Птицын пошарил в калошнице, отыскивая тапочки. Первым вышел Миша Лунин. Он слегка покачивался, но на лице его блуждала блаженная улыбка. Птицын дал Мише тапочки.
- Откуда вы? Из винного магазина? - поинтересовался Птицын.
- Нет, из бара на Рождественском бульваре.
- Почти угадал... А как встретились?
- Недалеко от института... Я хотел купить "Беломор" бабушке...
- А твои знают, где ты? Знаешь, сколько сейчас времени?
- Сколько?
- Без пятнадцати десять...
- Я позвоню...
- Звони... Только я тебе советую больше никуда отсюда не двигаться... Скажи, что останешься у меня... Хочешь подготовиться к завтрашнему зачету... по методике русского языка... Очень ответственному... Без моих конспектов никак... Не успеваешь... Придется сидеть полночи... Серьезно, оставайся! Иначе три милиционера тебя точно загребут в "Текстильщиках" ... Вместе с Лянечкой. Ее отправят в женский вытрезвитель... в Кузьминках! А тебя - на "Рязанский проспект". Ну... об этом родственникам можно не докладывать...

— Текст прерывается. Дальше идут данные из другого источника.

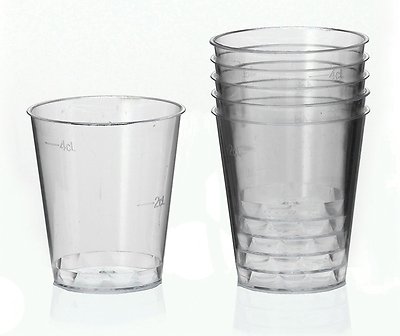 250 Schnapsbecher Schnapsglas Plastikbecher Medizinbech Einweg 2cl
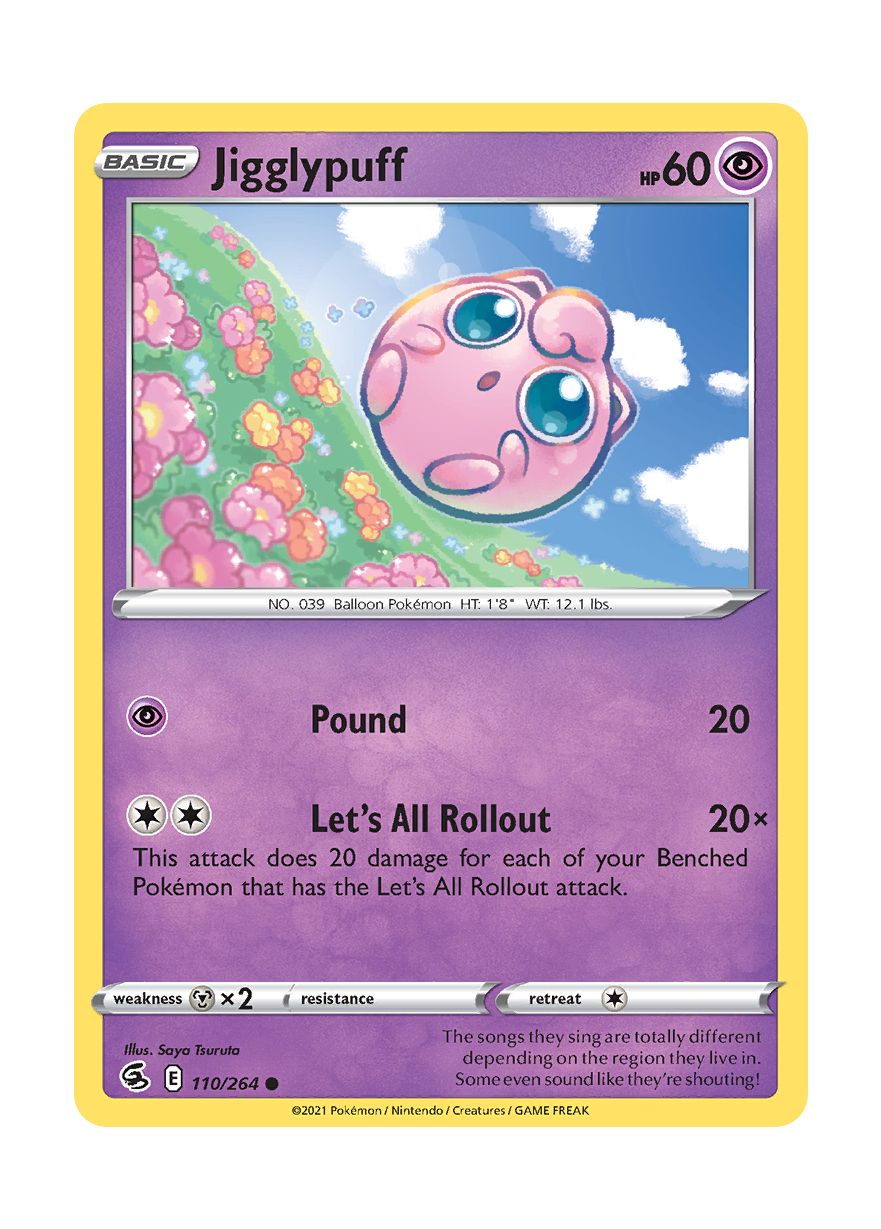 Jigglypuff - Reverse Holo (110/264) Torena Jigglypuff - Reverse Holo (110/264) Torena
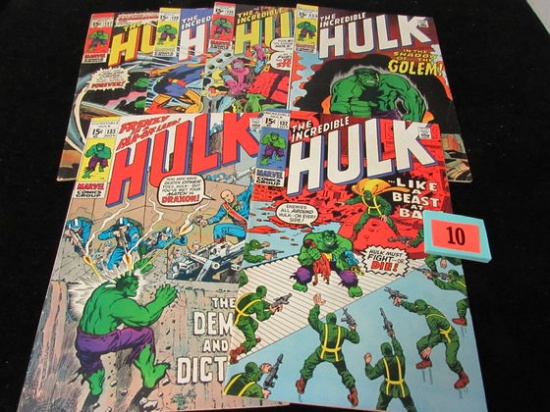 Incredible Hulk Late Silver Age Lot #132, 133, 134, 135, 136, 137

- Я должен ехать... - привалившись к стене и упрямо стараясь приподнять падающую вниз голову, не соглашался Миша. - Мне стихи печатать! Для Лизы... А она даст мне рассказы! Завтра...
- А-а... Так вы поладили? А ты сомневался!.. Что я говорил!..

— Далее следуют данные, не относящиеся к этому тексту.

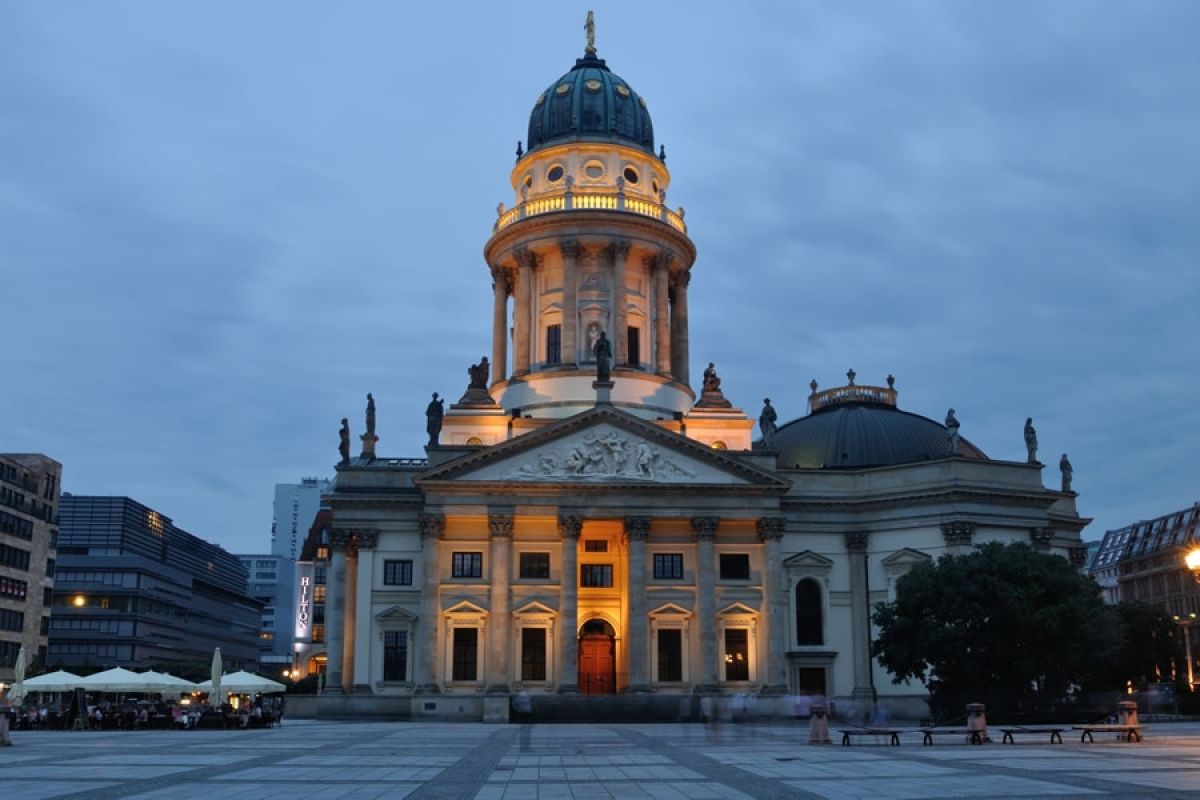 Französische Friedrichstadtkirche am Gendarmenmarkt in Berlin-Mitte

В коридор вышел Голицын, прислушивался к их разговору. Он кивнул Лунину:
- Привет, Мишель!..
Гарик взялся за свою шубу.
- Я пойду, пожалуй... - не слишком уверенно бросил он Птицыну. - Поздно... Да и устал!
- Смотри... Как хочешь... - Арсений его не удерживал.
Лянечка выскочила из ванной и быстро переметнулась в туалет, потом так же стремительно опять закрылась в ванной. Однако не прошло и двух минут как она с победной улыбкой косящих глаз подошла к Гарику Голицыну, который уже застегивал шубу. Птицына покоробило бледно-желтое лицо Лянечки, покрытое непомерно толстым слоем пудры.
- Ты не хочешь со мной поздороваться? - Лянечка торжественно протянула руку Гарику, точно товарищу по партии.
- Здравствуй... здравствуй... - сухо ответил Голицын, сделав вид, что не заметил протянутой руки. - Виделись... Сегодня...
- Невежливо покидать даму, если она только что зашла в гости... На огонёк... Кто составит ей компанию? И кто потом ее проводит?
- Может, действительно, выпьем чаю? - спросил Птицын, ни к кому конкретно не обращаясь.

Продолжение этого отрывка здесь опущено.